IAAF data says Mo Farah and Usain Bolt are clean, say reports
Several leaks earlier had appeared to call into question the integrity of both athletes in addition to several others, saying one-third of Olympic medals were won by 'doped' athletes.
A massive leak of blood data from the IAAF repository suggests the Jamaican sprinter and the British gold-medal-winning athlete are both clean. Each of them has been the subject of serious doping allegations in the recent past.
The Sunday Times reported that “a third of medals at the London 2012 Olympics were won by athletes with suspicious blood tests”
The Times reported, however, that Bolt and Farah had shown no indication of doping, and were “unknowingly competing against athletes who were suspected of cheating.”
Among other 'clean’ athletes is British Olympian Jessica Ennis-Hill, who gave a standout performance at the recently concluded Sainsbury’s Anniversary Games in London and will be participating in the IAAF World Championships in Beijing later this month.

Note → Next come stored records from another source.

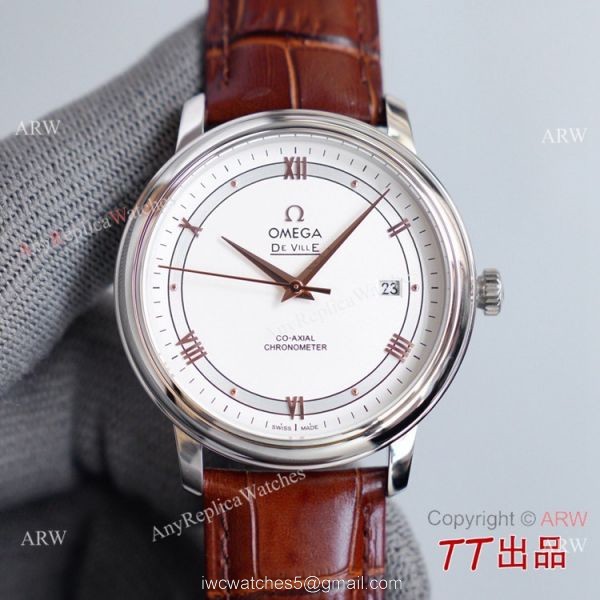 Swiss Quality Omega DeVille Co-Axial SS Rhodium Grey Dial Watch 8215 Movement 3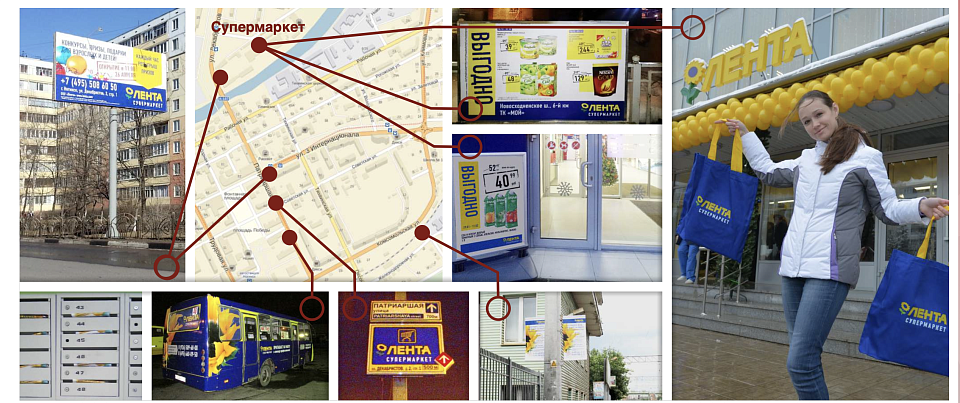Локальные рекламные кампании в поддержку открытия магазинов «Лента» формата супермаркет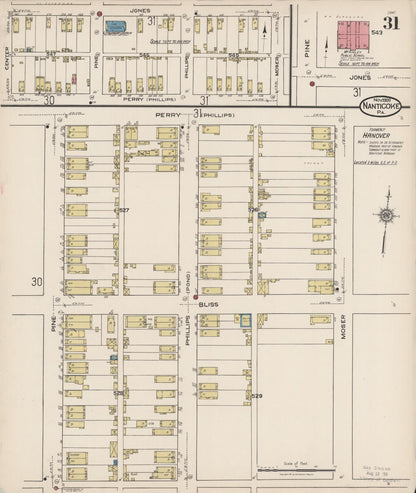 Sanborn Fire Insurance Map from Nanticoke, Luzerne County, Pennsylvania (1920), Sheet #0031 - Complete Map Set gallery image, historic Sanborn map, vintage wall art, Pennsylvania Pennsylvania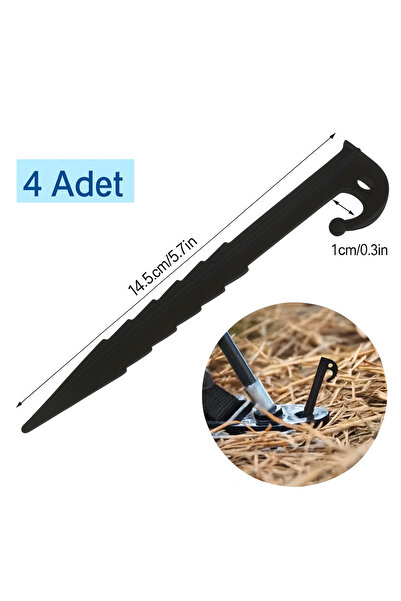 Home Set de 4 țepi pentru cort din plastic durabil, în spirală, 14,5 cm – țepi pentru camping și grădină, negru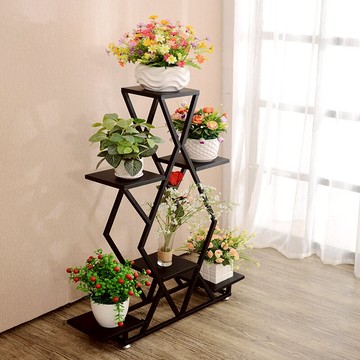 北歐輕奢鐵藝花架落地式客廳陽臺綠蘿植物花盆架簡約現代櫥窗展示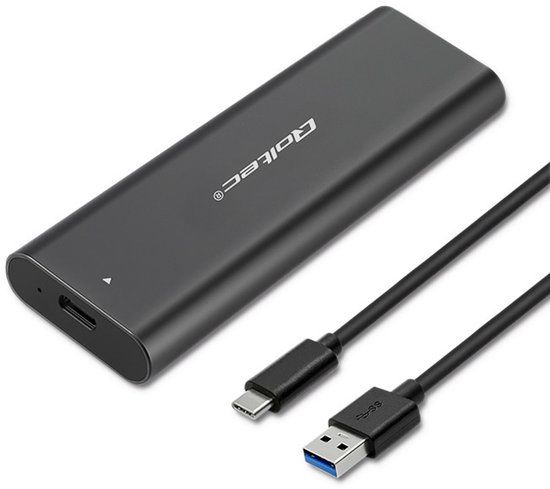 Qoltec 50311 M.2 SATA SSD Behuizing Zwart USB Type-C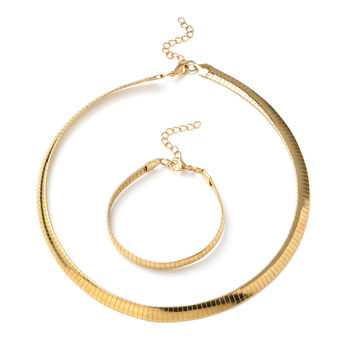 2er-Set Schlichter Schmuck Halskette ca. 45+5 cm und Armband ca. 19+2 cm in Edelstahl, IP-Plating Gelb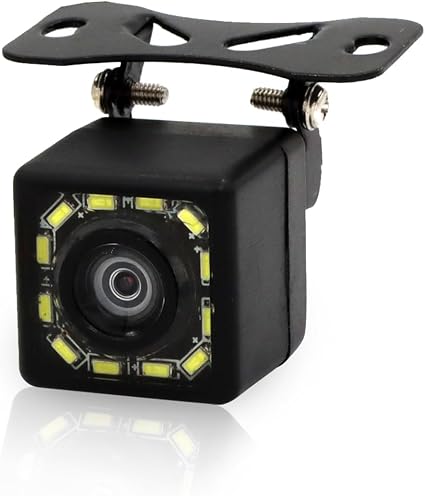 Car Backup Camera, 12 LED Night Vision Waterproof HD Rear View Camera, 170° Wide Angle Long License Plate Frame Reverse Camera for Universal Cars, SUV, Trucks, RV and More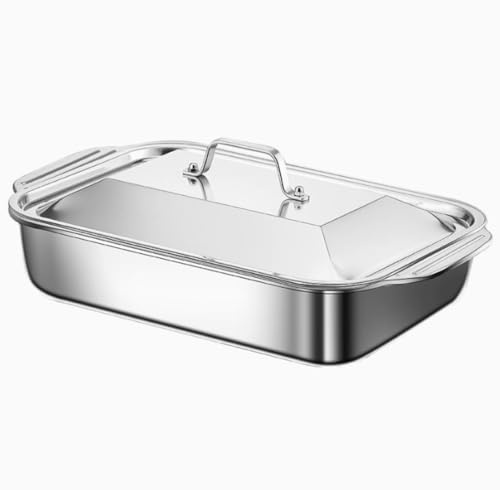 Teglia Forno in Acciaio Inossidabile, Teglia Pesce Rettangolare Profonda con Coperchio, Pirofila Multiuso per Arrosti, Pesce e Barbecue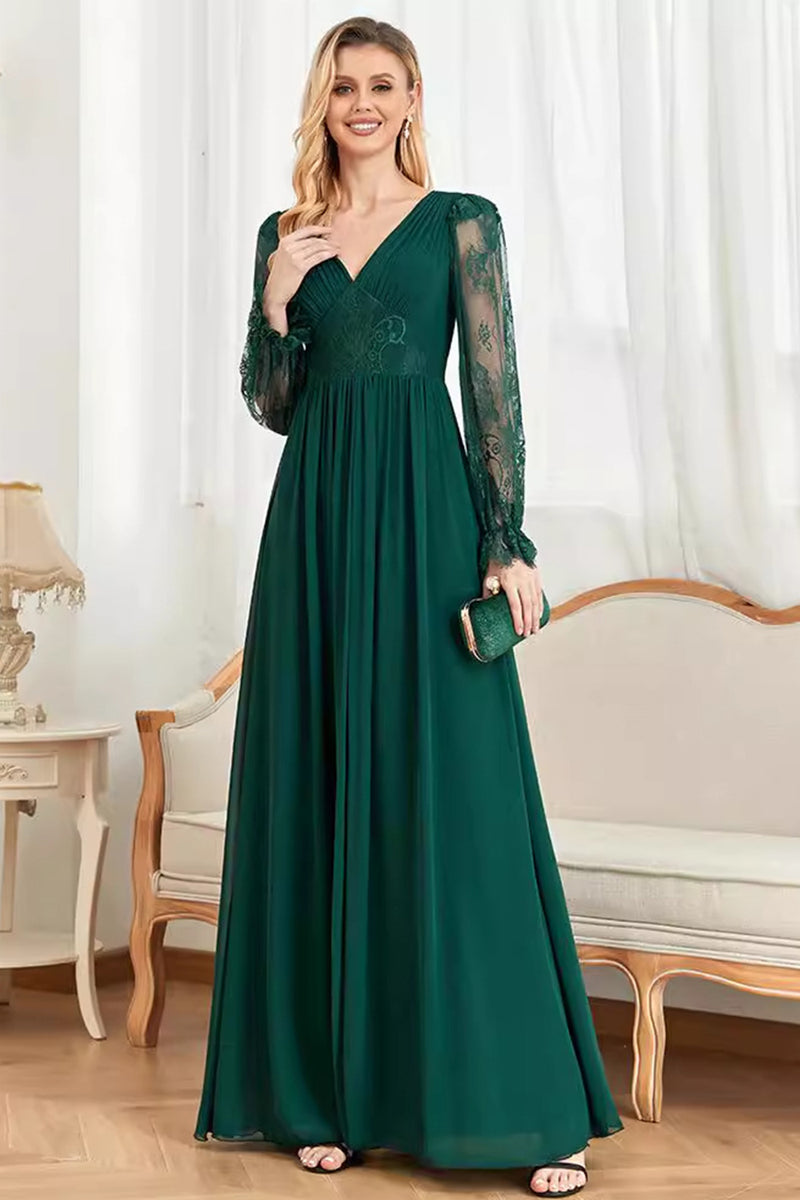 Load image into Gallery viewer, Dark Green Lace Long Sleeves A Line Prom Dress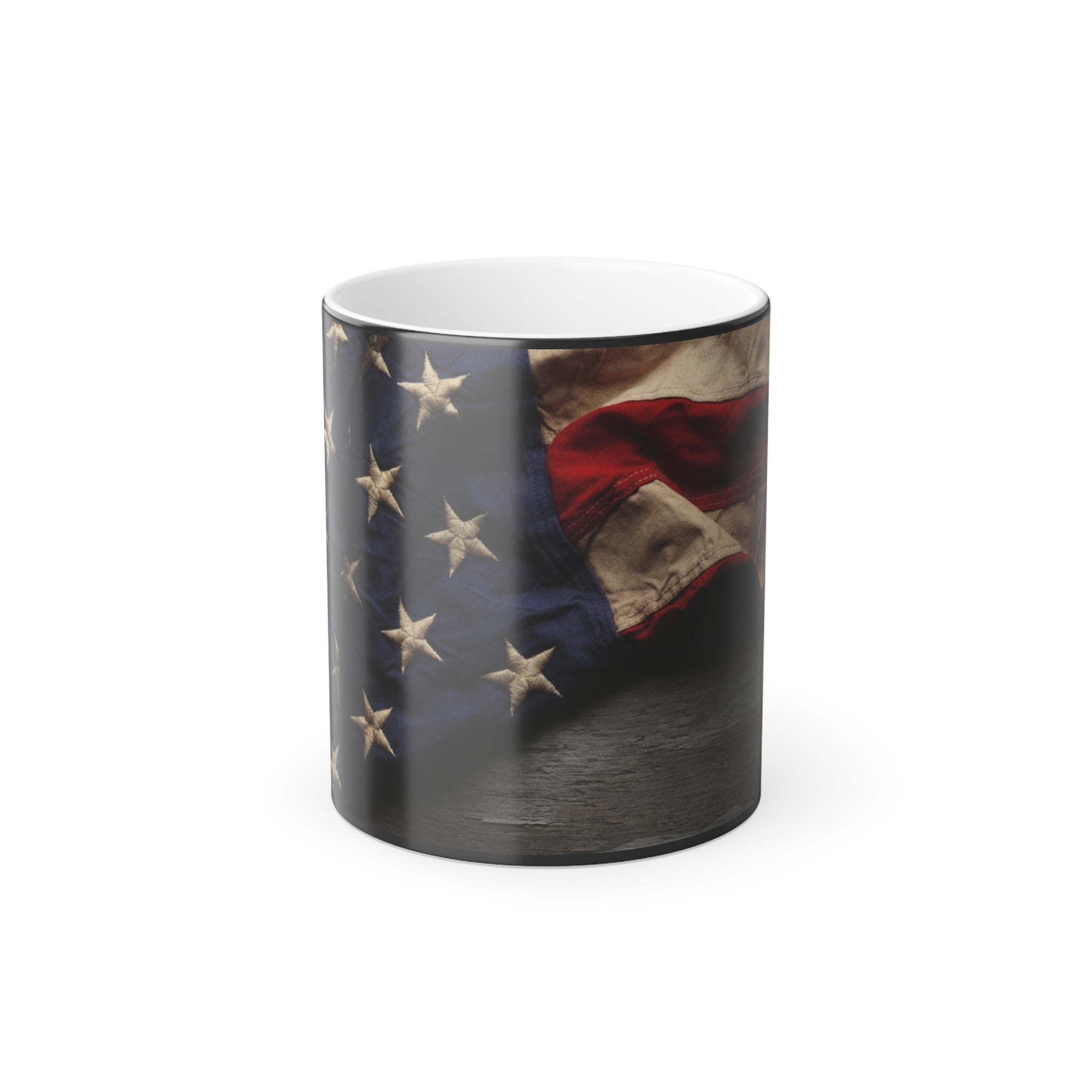 American Flag Color-Changing Mug — 11oz Heat Reveal Patriotic Coffee Cup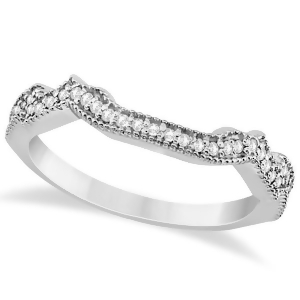 Contour Semi Eternity Diamond Wedding Band in 14k White Gold 0.17ct - All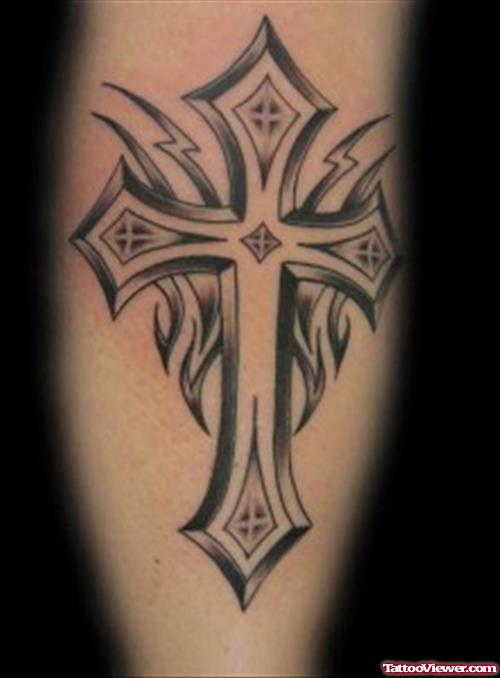Tribal And Cross Grey Ink Tattoo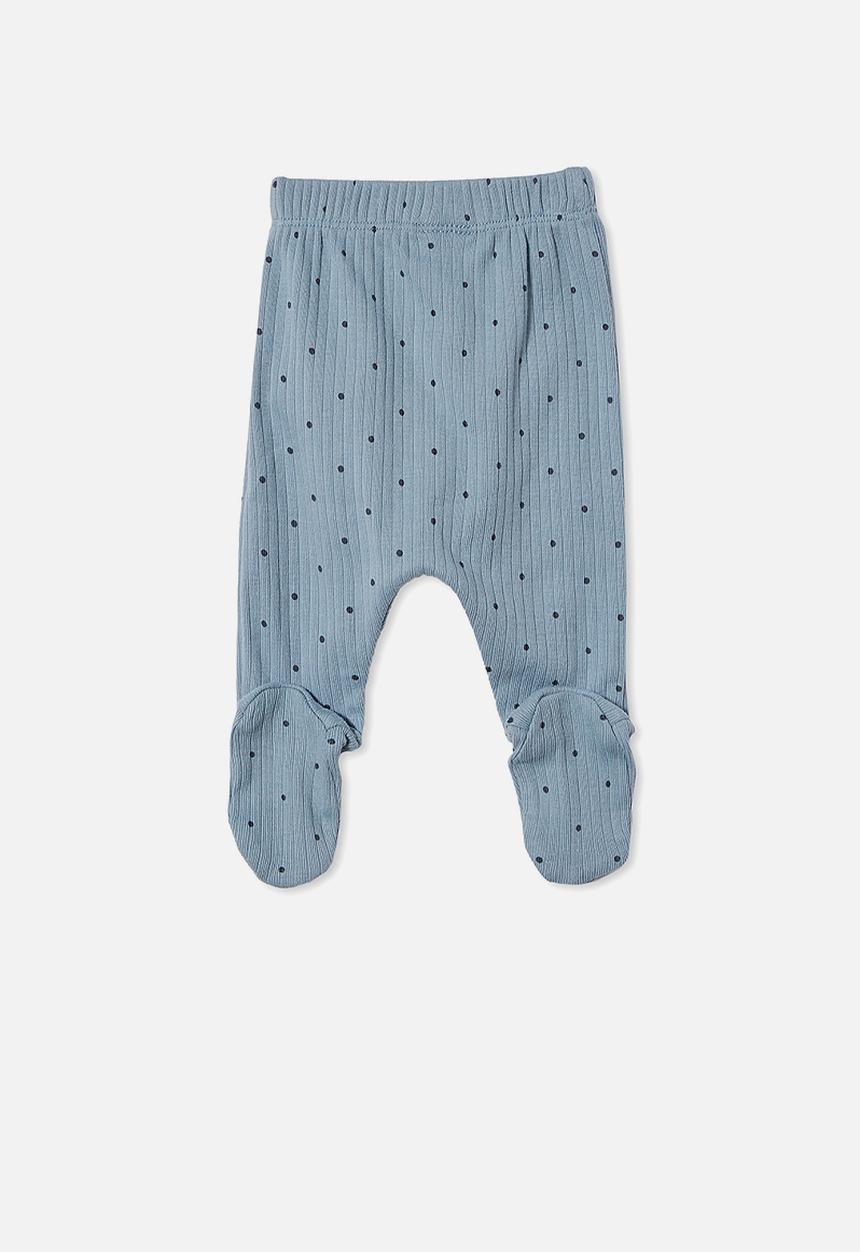 Cotton On - Organic newborn footed legging - blue & black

She and coach Toni Minichello are still unsure of her participation in the 2016 Rio Olympics, although Ennis-Hill is herself keen to be part of the Games. She recently returned to sport after a hiatus following the birth of her son, and has so far looked on track to be ready well in time for the Olympics next year.
Farah is still under intense scrutiny, however. The athlete trains under American-Cuban coach Alberto Salazar, who last month was the subject of a BBC Panorama investigation, which alleged that Salazar had been doping his athletes, recommending them testosterone and thyroid medication they did not require in order to enhance their performances.
The investigation also suggested that Salazar had been doping American track-and-field star and Olympian Galen Rupp since the athlete was 16 and still a high school student. Farah and Rupp and Farah train together at the Nike Oregon Project, a project by the shoe manufacturer that includes several long-distance runners. Among these is Kara Goucher, one of the USA’s most iconic track names.
Goucher was part of the BBC’s investigation, as was her husband. Both of them support claims that Salazar was involved in doping his athletes, as does Salazar's own former second-in-command, Steve Magness.
As these allegations are recent, Athletics UK are still midway through an independent investigation into Farah's samples, although a spokesperson for Athletics UK said they believed completely in Farah’s innocence.
In immediate light of the allegations, Farah had withdrawn from several Diamond League games. The news exonerating him will come as a welcome relief.